Homemakers have filled more than a quarter of free places on some courses aimed at providing more skilled workers in expanding employment sectors.
The eligibility for more than 200 Springboard+ courses was broadened this year to allow applications from people on homemaking duties who want to return to the workforce.
Since 2011, at a cost of over €100m, around 28,000 people have been funded to take part in courses in a range of sectors where skills shortages have been flagged to the Government.
The schemes were initially aimed solely at the unemployed to help them revise their skillset and improve their chances of getting back to work. This has more been widened to include the self-employed and employed who wanted to reskill.
In May, new courses to begin this autumn were announced with an estimated 6,500 places to be filled, with homemakers eligible for the first time.

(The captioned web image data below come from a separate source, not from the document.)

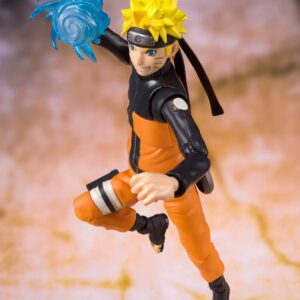 TAMASHII NATIONS - Naruto Shippuden - Naruto Uzumaki [Best Selection] (New Package Ver.), Bandai Spirits S.H.Figuarts Action Figure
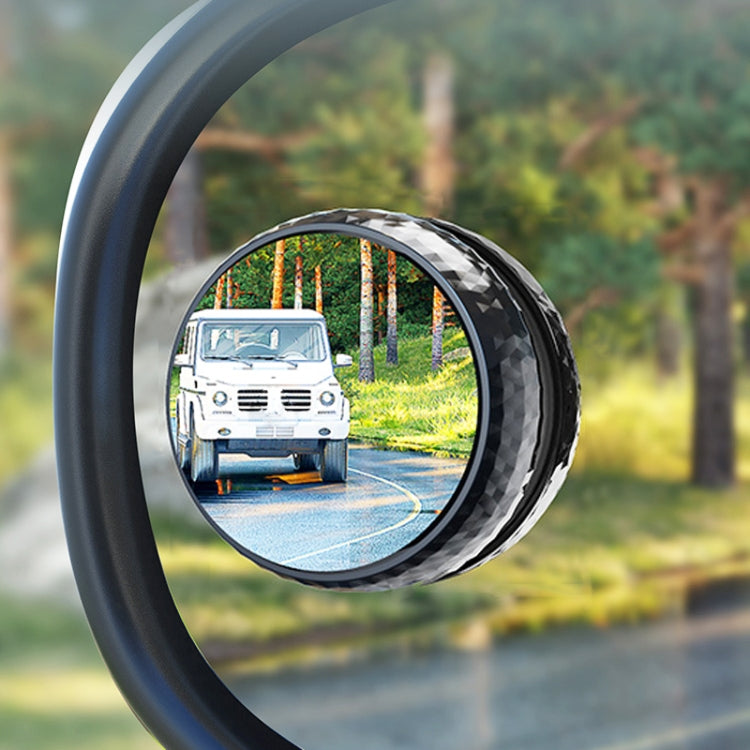 Repeated Disassembly Absorbing Car Back Vision Reversing Small Round
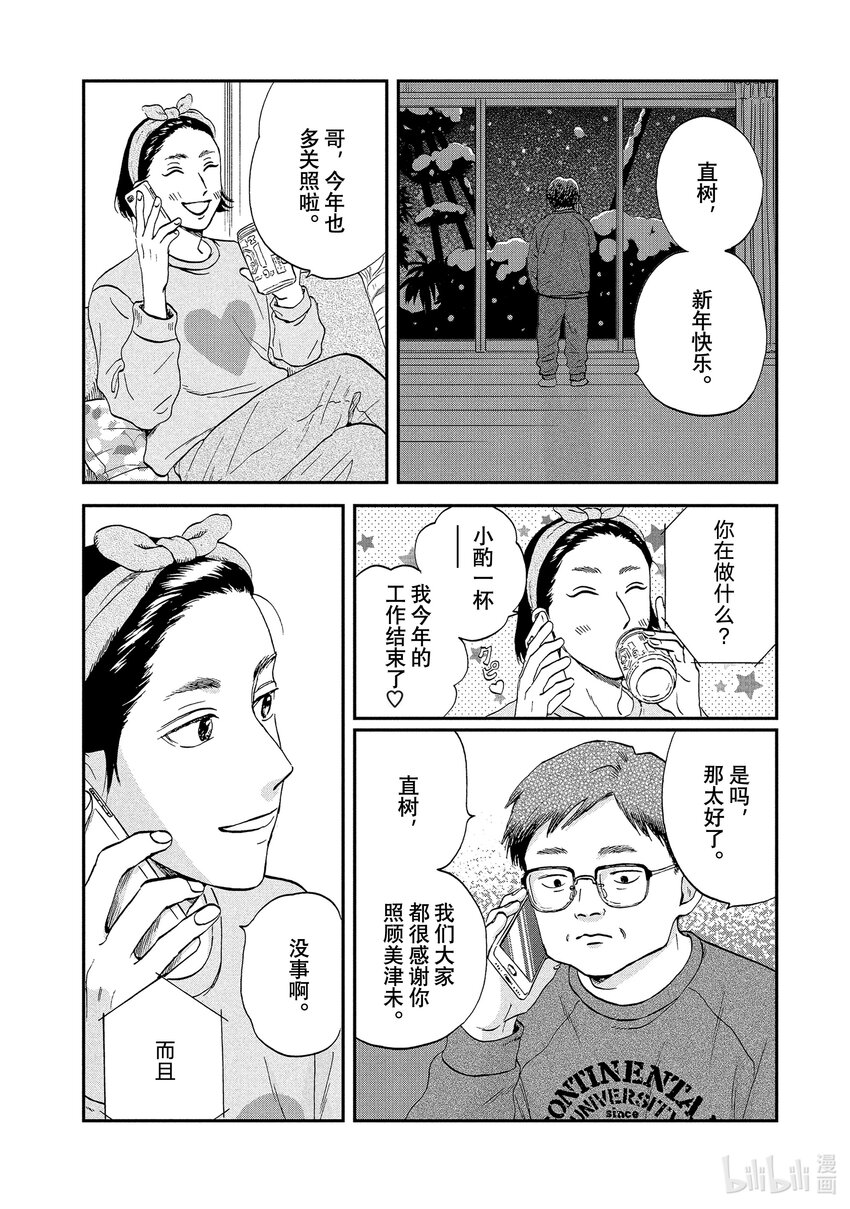 《跳跃和乐福鞋》scene29 感慨万千的跨年夜 第22页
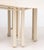 Wood Karl Springer Style Grasscloth Dining Table For Sale - Image 7 of 13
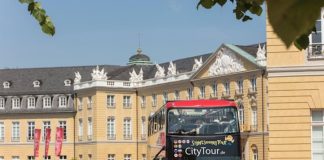 Der CityTour-Bus (Foto: KTG Karlsruhe Tourismus GmbH)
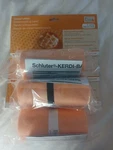 (3 Rolls) Schluter-kerdi Waterproofing Band 5" X 16' 125 Mm Pack. Fixed Price $59.99.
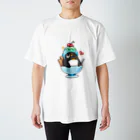 超ペンギンズの超シャーベットペンギン スタンダードTシャツ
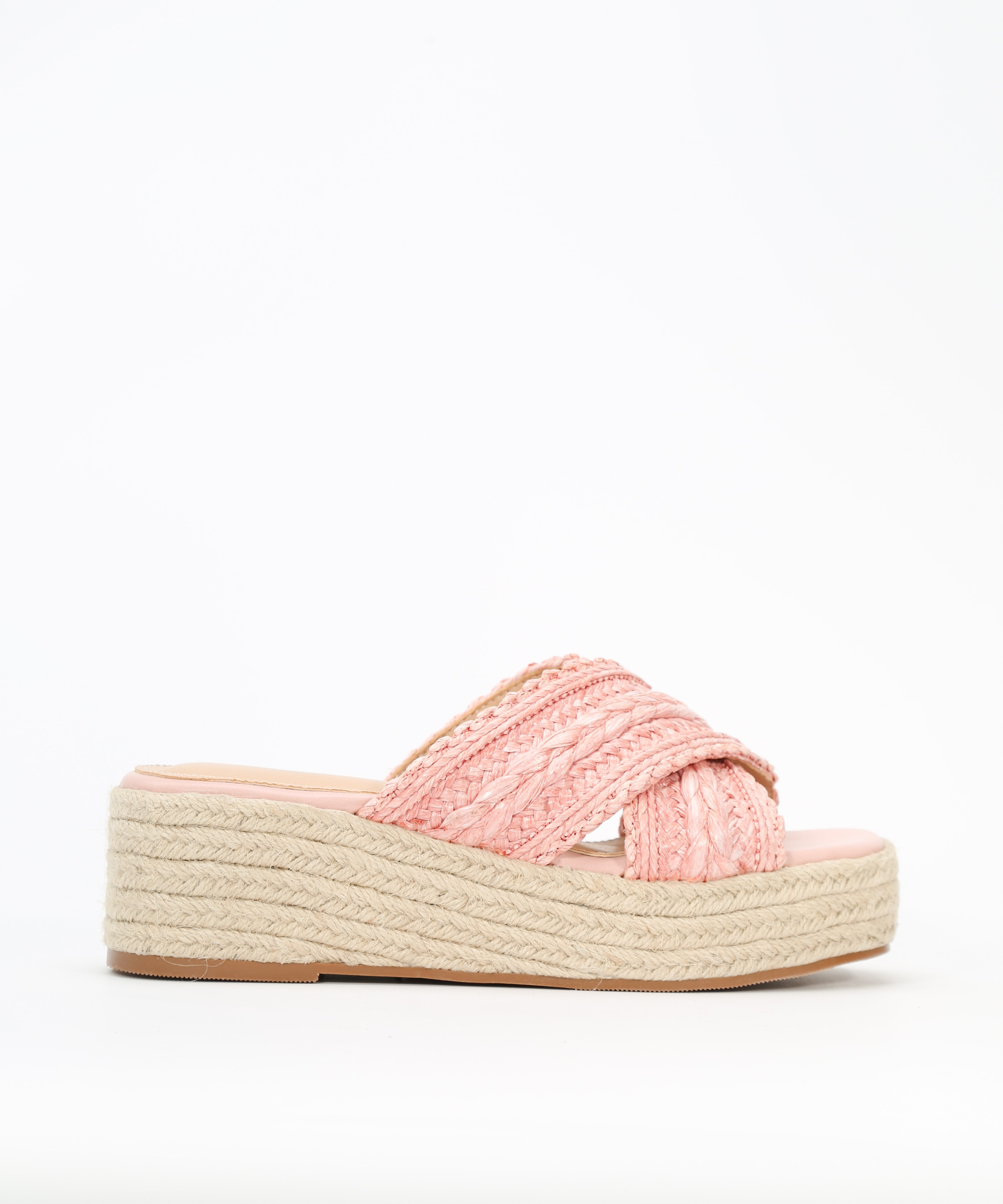 Sandalias plataforma cruceta detalles image number null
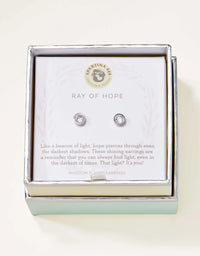 Sea La Vie Stud Earrings Ray of Hope/Gem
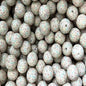 50pcs 15mm Leopard Silicone Beads Printed Design Multi Color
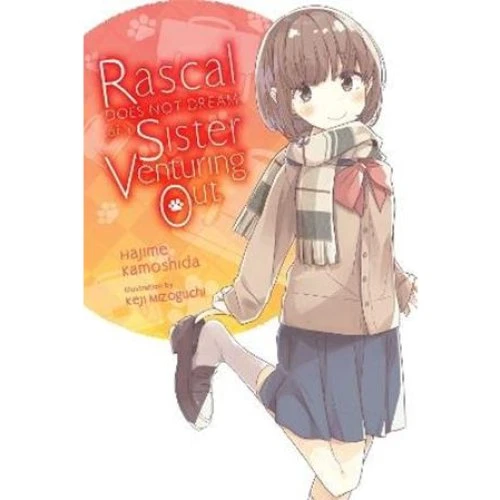 Rascal Does Not Dream of a Sister Venturing Out Light Novel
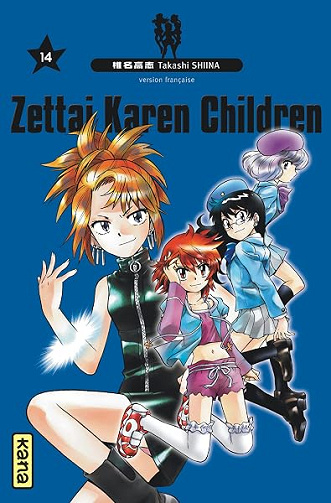 Zettai Karen Children - Tome 14 - Takashi Shiina
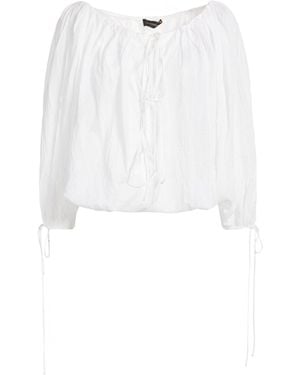ANDAMANE Top Cotton - White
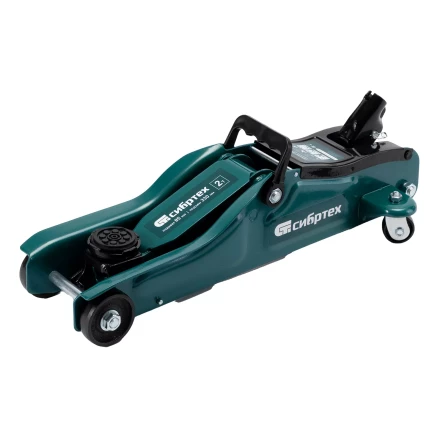 Домкрат гидравлический подкатной Сибртех 50831, 2 т, 85-330 мм, низкий подхват, в пласт. кейсе купить в Ижевске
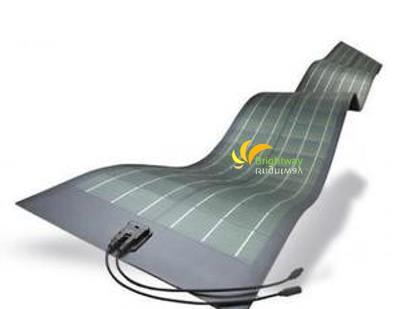 72W Painel solar flexível/módulo solar de silício amorfo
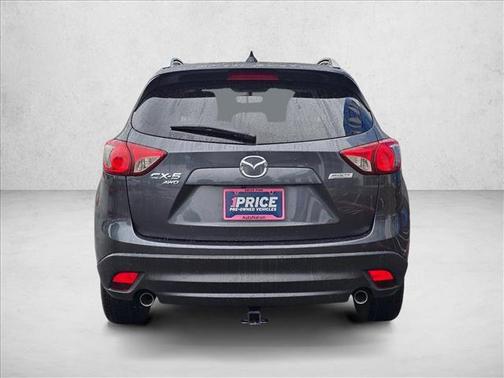 Meteor Gray Mica 2016 Mazda CX-5 Touring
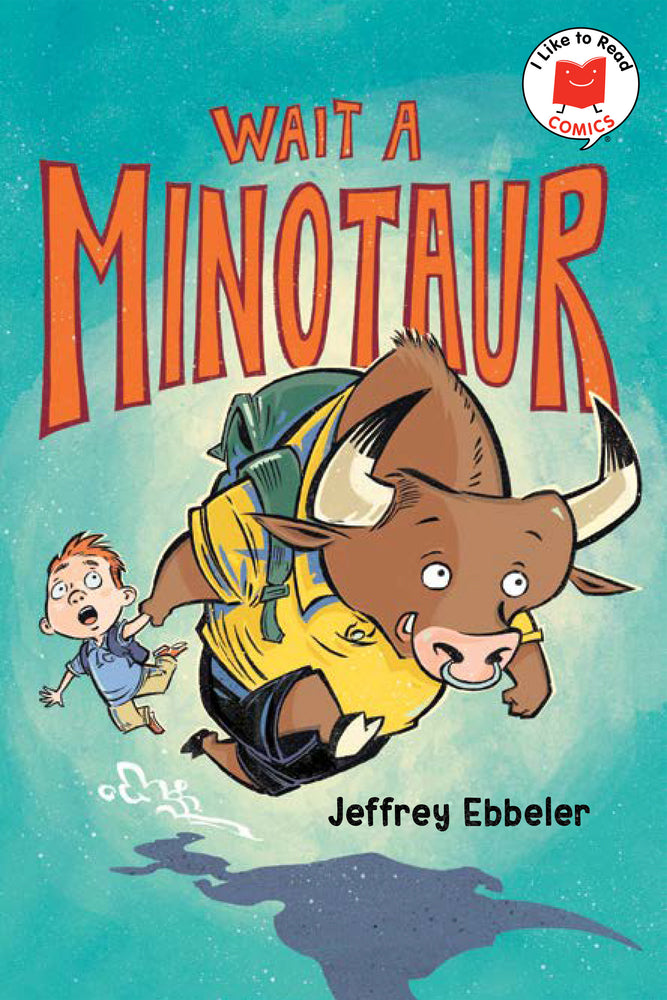 Wait a Minotaur | Hardcover image - Graphic Novels - Image - Pop Weasel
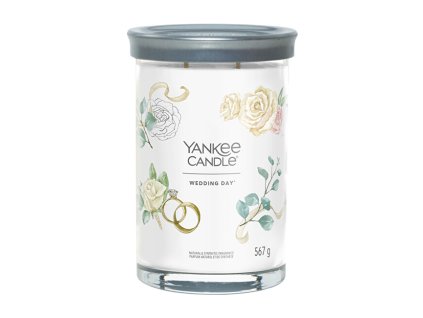 Yankee Candle Aromatická svíčka Signature tumbler velký Wedding Day 567 g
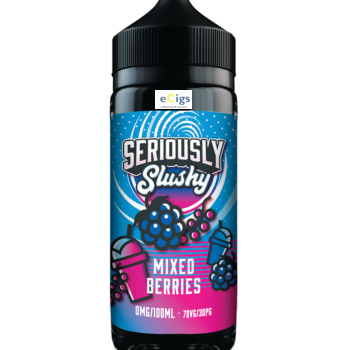 Seriously Slushy Mixed Berries 100ml shortfill 0mg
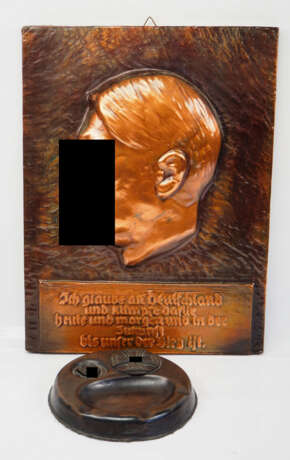 Adolf Hitler Plakette. - фото 1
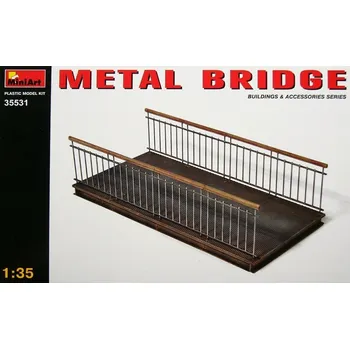 Plastikový model Metal Bridge - MiniArt 35531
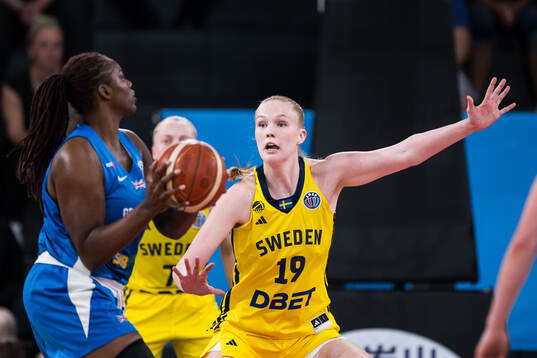 Tilda Trygger of Sweden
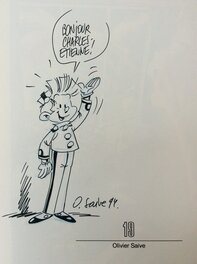 Spirou par Olivier Saive Spirou par Olivier Saive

Most of those courses have already commenced, and have been 90% filled by nearly 4,500 people.
The Department of Education said that 28% of places on advanced manufacturing programmes have been taken up by homemakers. Those 90 students are in addition to 84 who have begun business and entrepreneurship courses, or 26% of entrants to those programmes.
Another 85 homemakers account for 25% of the latest Springboard+ classes to begin this autumn under the information and communications technology (ICT) category. They are among more than 300 homemakers to fill the places taken up so far.
“Springboard+ 2017 was opened up to homemakers to enable those who have spent time at home undertaking caring duties, and who wish to return to the workforce, to receive assistance in upskilling and reskilling to enable them to do so,” said John Halligan, minister of state for training and skills.
The qualifications that students can earn from Springboard+ courses range from certificate up to masters degree level.
Overall, just over half the 4,491 people to begin courses are applicants who are not jobseekers, the group at which programmes were targeted in their first few years.
The investment in those beginning this year’s Springboard+courses is estimated to be around €27.5m, with the Higher Education Authority managing the scheme on behalf of the Department of Education.
In its early operation, the Springboard system had difficulties due to strict eligibility criteria in filling some courses. However, these restrictions were eased by then education minister Ruairi Quinn to help ensure courses were not operating below capacity.
ICT courses for unemployed people were first offered in 2012, and now account for nearly 10% of the places filled so far. The previous Springboard and ICT skills conversion programmes were amalgamated two years ago to operate as a joint initiative under the Springboard+ brand.
The latest evaluation of the scheme found that 61% of graduates were working within three to six months of completing courses begun in 2014, an improvement from 37% among those who started courses in 2011.
Programmes with nearly a quarter of this year’s planned 6,471 places have yet to commence and are still open for application at springboardcourses.ie.